Galston claims there are two broad and longstanding conceptions of liberalism. In Enlightenment liberalism, freedom is the necessary condition for human achievement and individual expression. It is the ennobling condition that allows humans to confront the exigencies of life with courage and clear-mindedness. The other, competing conception sees liberalism as a legacy of the post-Reformation period. Here, the value of liberalism centers not on its ability to unshackle the human spirit but on its ability to keep citizens from killing each other. It is a policy of mutual tolerance, in which individual expression is just one understanding of the good life. Galston argues that Enlightenment liberalism tends toward intrusiveness. By undervaluing and even undermining any conception of the good that does not sufficiently respect freedom, it ultimately ends up compromising the very thing it supposedly celebrates.

For Galston, political practice inevitably follows political theory. Just so, his conception of liberal pluralism leads to the policy principle of "maximum feasible accommodation." The second half of his book strives to lay out the implications of this principle. Accommodation is most often necessary for those who, for reasons of faith, feel compelled to ignore, or even act contrary to, the objectives of the broader polity. Galston therefore considers a number of Supreme Court cases that deal with the ability of religious parents to remove their children from classes on evolution, for example, or from public education altogether. Galston argues that the principle of maximum accommodation means that "whenever possible," the state should find ways to accommodate believers.

Galston's general hypothesis is that "genuine civic unity rests on unforced consent." He claims that toleration is not likely to flourish as a civic virtue in children "if it is crammed down the throats of their parents." Rather, insofar as the state is willing to practice toleration, it is likely both to engender gratitude among recipients and to model the desired behavior.

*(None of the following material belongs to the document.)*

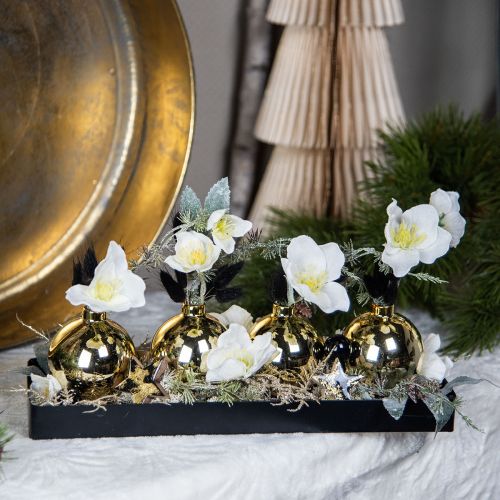 Floristik24 Bandeja decorativa metal madera bandeja metal base madera 40x13x3cm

This presumption, combined with Galston's assessment that "the available evidence [regarding the behavior of fringe groups] does not warrant alarm," means that the state is normally obliged to be accommodating.

Late in this short book, Galston notes that "liberal pluralists are open to the possibility that the polity might offer its inhabitants a range of possibilities short of full citizenship." He goes on to consider Jeffrey Spinner's notion of "partial citizenship." Now surely institutionalizing a secondary status of citizenship would give freer reign to the Amish and others who just want to be left alone. But to allow someone to register as a permanent resident for ideological reasons introduces an element of formal inequality within the body politic-one that is quite different from the status of those with student visas or green cards.

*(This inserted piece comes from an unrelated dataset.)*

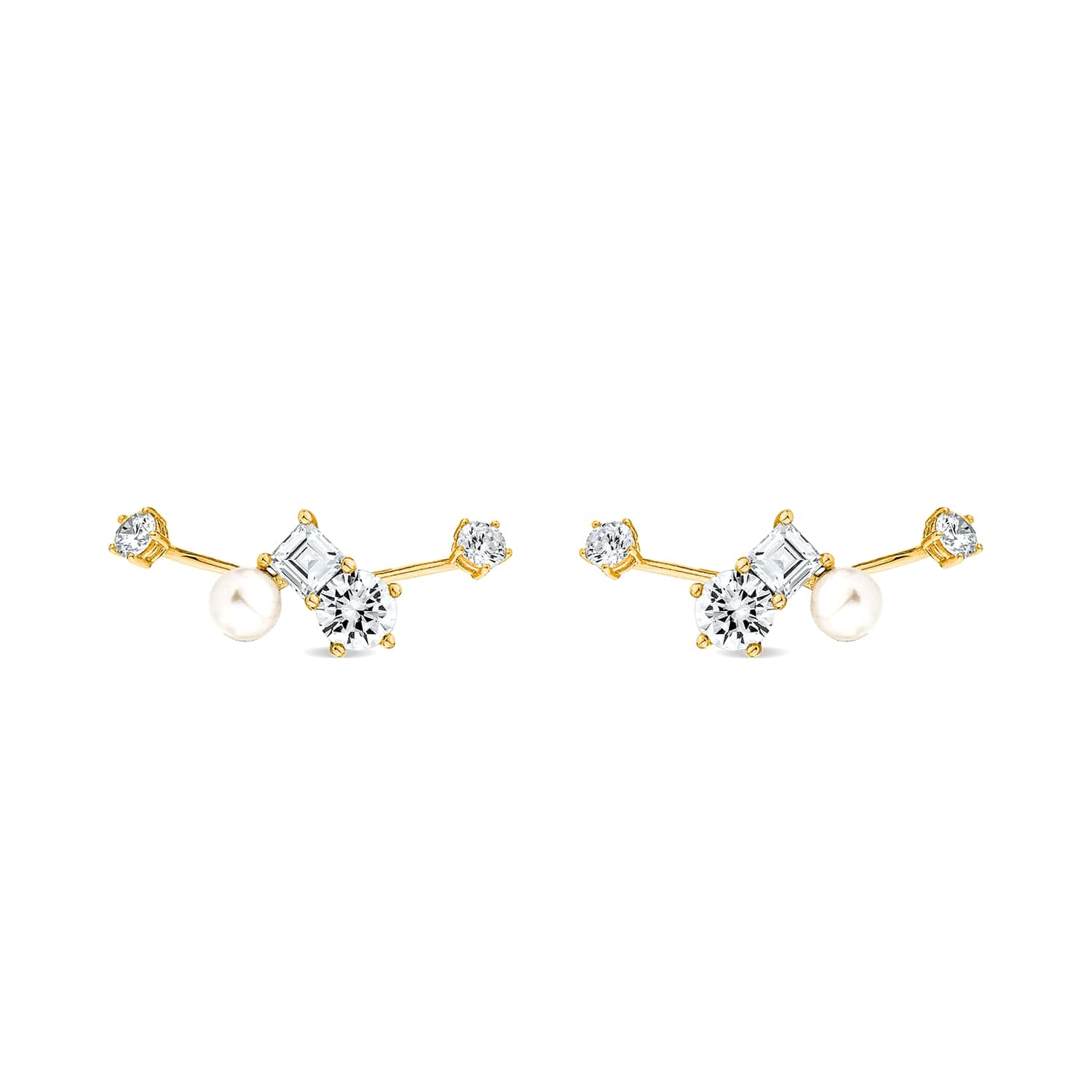 Eclipse Ear Jacket With Natural White Pearls & Man Made Cz Diamond Stimulant In Sterling Silver & 18K Gold Vermeil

Equality is at the root of democratic citizenship and unity, and introducing options regarding one's civic status would undermine that unity. About this disturbing possibility, Galston has nothing to say.

Berlin said famously that there is no social world without loss. In other words, there is no conceivable form of social order that does not privilege some forms of life and burden others. Rigid neutrality is a fantasy. But it is one thing to see equality before the law as an ideal that will always exceed our grasp and to address every hard case as a balancing act between the demands of the polity and those of the penitent, and it is quite another to acquiesce to all such cases by instituting another option, a status of less than full citizenship, all in the name of maximum feasible accommodation.

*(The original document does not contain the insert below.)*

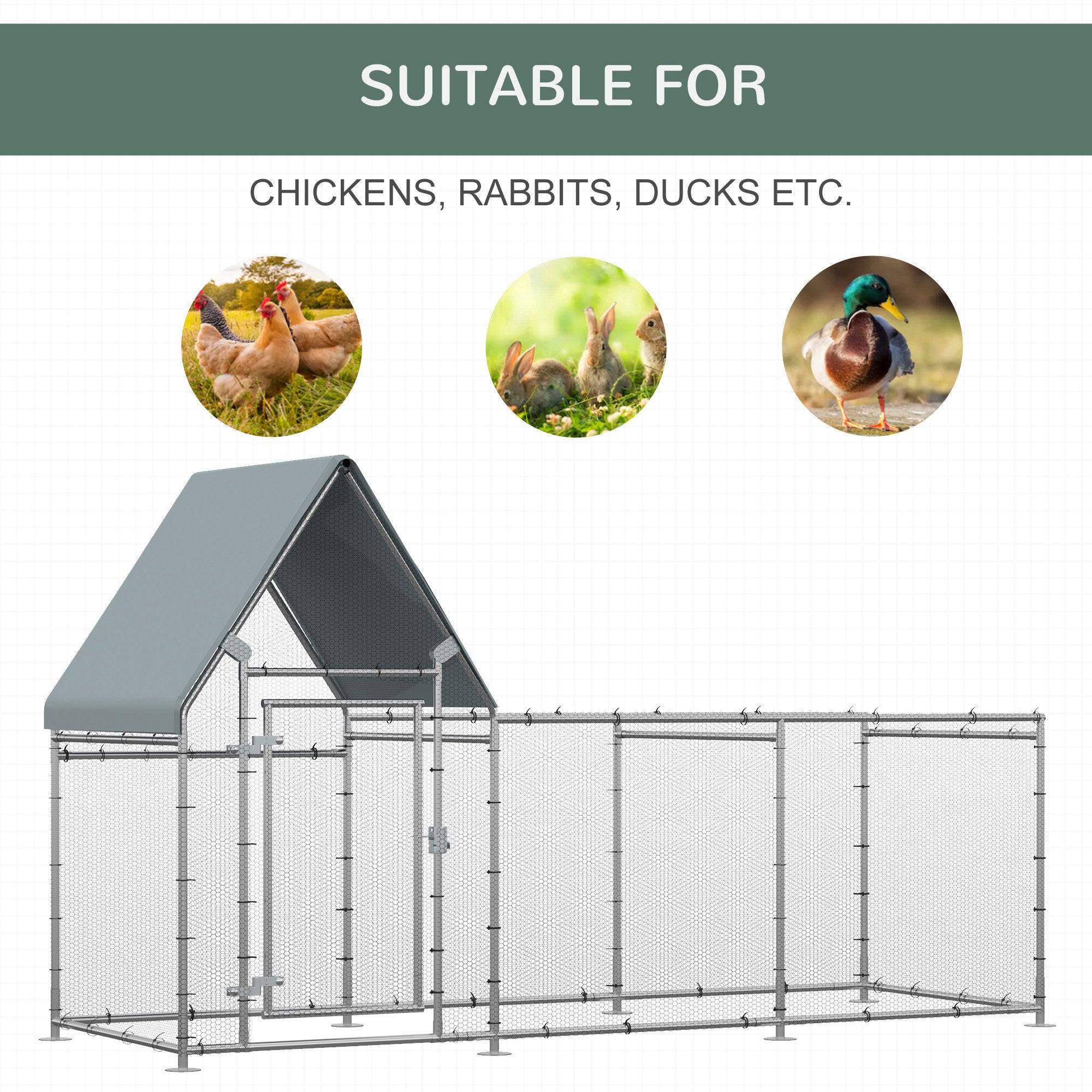 Large Galvanized Chicken Coop, Walk-In Poultry Cage with Cover, 119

Galston says nothing about how a democratic society should balance the need to inculcate a sense of civic engagement with the general rule that society should pursue the maximum possible accommodation of those who want no part of the broader civic life, or who perhaps even spurn it. He apparently believes that by educating only those who choose it, a liberal democracy can sustain itself even as it accommodates those who want only to live here and be left alone. Perhaps it can, but by making maximum feasible accountability the default position Galston has set up a system of evaluation that underestimates the burdens of a democratic society.